Frequently placed in domestic settings, she asserts a surrealist take-down of the woman’s role in the home. With ever-absurdist combinations of fruit and flesh, the landscape is so distorted as to force us to look at it afresh. Scale is used to shrink and grow Brazier’s female subjects amidst their surroundings; a tomato swells to giant proportions in one image, while in another a woman stands triumphant atop a mountain of onions.
“Femininity and original sin remain bound up with forbidden fruit in our collective imagination”
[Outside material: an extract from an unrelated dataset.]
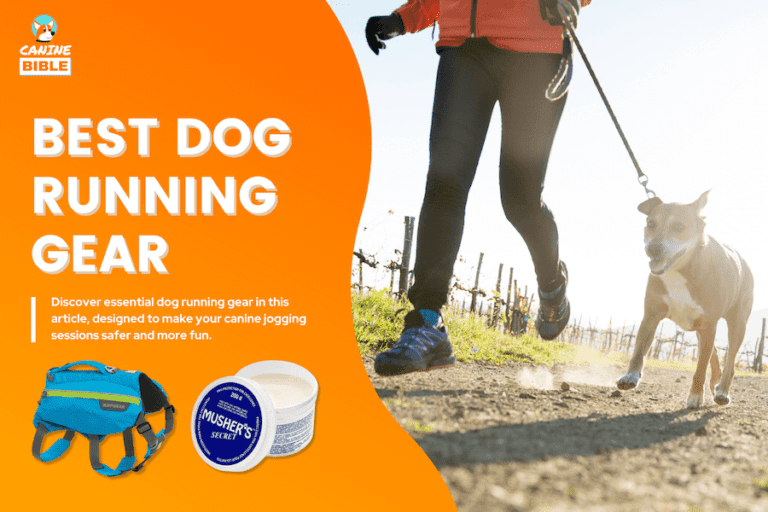 Best Dog Running Gear: Must-Have Dog Running Equipment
The women in Brazier’s collages are taken from vintage pornographic magazines; often undressed, they are look seductively over their shoulder or pout defiantly at the camera. Removed from their original context, their gaze takes on new significance, fixed instead on a particularly ripe peach or apricot. Like punk icon and artist Linder before her, she takes scissors to these fantasies of femininity, refiguring them instead as products to be consumed—and, presumably, with a shelf-life to match.
Brazier raises challenging questions about the value and standing of women in society today, pointedly drawing a line of comparison between the hazy so-called sexual revolution of the 1970s and today. Just how liberated are these women, and what is their worth beyond their desirability? Like the temptation of Eve, even the ripest, most delectable of fruit is shown to be little more than a delusion.